Part 1 Choosing The Bass Guitar
In the first video in the series, James starts by talking about the type of bass guitars you will find in pop and rock music, how they are constructed and how the construction affects the tone and sound of the instrument.
James explains how the Bolt-On neck or Fender style bass has a punchy quick attack with plenty of bottom end then a fast decay. This is what you might call the classic Rock & Roll bass. The next style of bass James takes about is the Through Neck design with active pickups. This type of instrument has a more even tone with a smoother attack and a great deal more sustain. The active circuitry which controls the tone and volume of the pickups give you much greater control over the tone of the bass, but remember to keep fresh batteries in your bag and when they start to die the tone can become flat and lifeless. The Through-neck bass is a much more pop sound but due to the amount of control you get, they are very versatile for all kinds of music.

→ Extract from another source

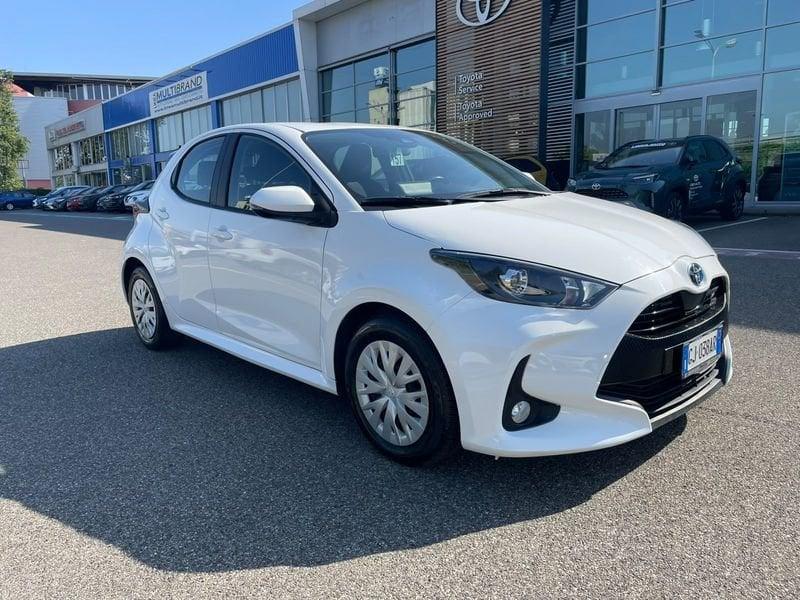 Toyota Yaris Hybrid Active MY22 GARANZIA FINO AL 2032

Let's not forget not all basses have just 4 strings. It is very common to see and hear 5 and 6 string instruments and less common to see 8 and 12 string basses and there are Bolt-On and Through Neck styles of both with and without active pickups.
Part 2 EQ Tips For Bass Guitar
In this video, James starts by talking about how he divides up the frequency spectrum to work specifically on areas that affect the bass instrument, not just the bass frequencies.

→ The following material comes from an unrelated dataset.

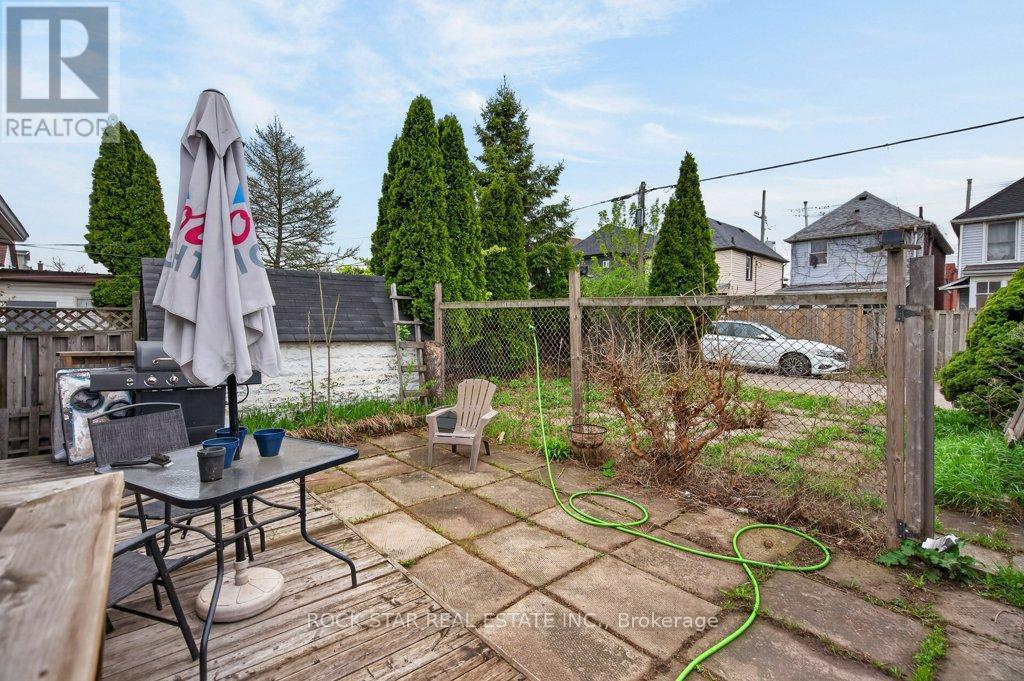 40 MAYFLOWER AVENUE - 33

James believes that it is the Midrange control of either the amplifier, the mixing desk or the bass its self that is the most important, between 300Hz to 1kHz. James tunes the midrange EQ for the instrument to give it a depth and life that feels right and sounds right.
James goes on to talk about some specific bass amplifiers and gives us some examples of how he works on a bass tone.
The low or serious bass frequencies are next between 40Hz and 250Hz. This is the part of the spectrum that can make or break a live performance or recording so be gentle with the over-application of the BASS in your setup, sometimes cutting the bass end can fix a whole heap of issues.
Lastly, James talks about the high frequencies where all the percussive tones sit between 1kHz to 8kHz and he goes on to talk about how to set up the high end to cut through the potential wall of sound coming from your band's guitar players with their 100w Marshall amps. It's all about setting up your sound in content, rather than in isolation so the bass becomes part of the sound rather than a tone that stands out.
Part 3 Micing A Bass Speaker Cabinet
In the final part of the series James talks about how he likes to record not only the clean DI from either the bass guitar or the DI out of the amplifier but he also will mic the speaker and record the "real sound" of the amp, playing a mic close to the cone just off centre. If James chooses to record a second mic on the cab he will use a large diaphragm condenser, such as an AKG414 and set it as far back away from the cone as the cabinet is wide. So for a 1x15" speaker cab the second mic is about 15-16 inches in front of the speaker (allowing for the extra cab material) placed right in the centre of the speaker dust cap.
James explains his choice of mic preamp and how he has each mic routed to different sounding mic pres with no EQ then how it routes the signals into the DAW.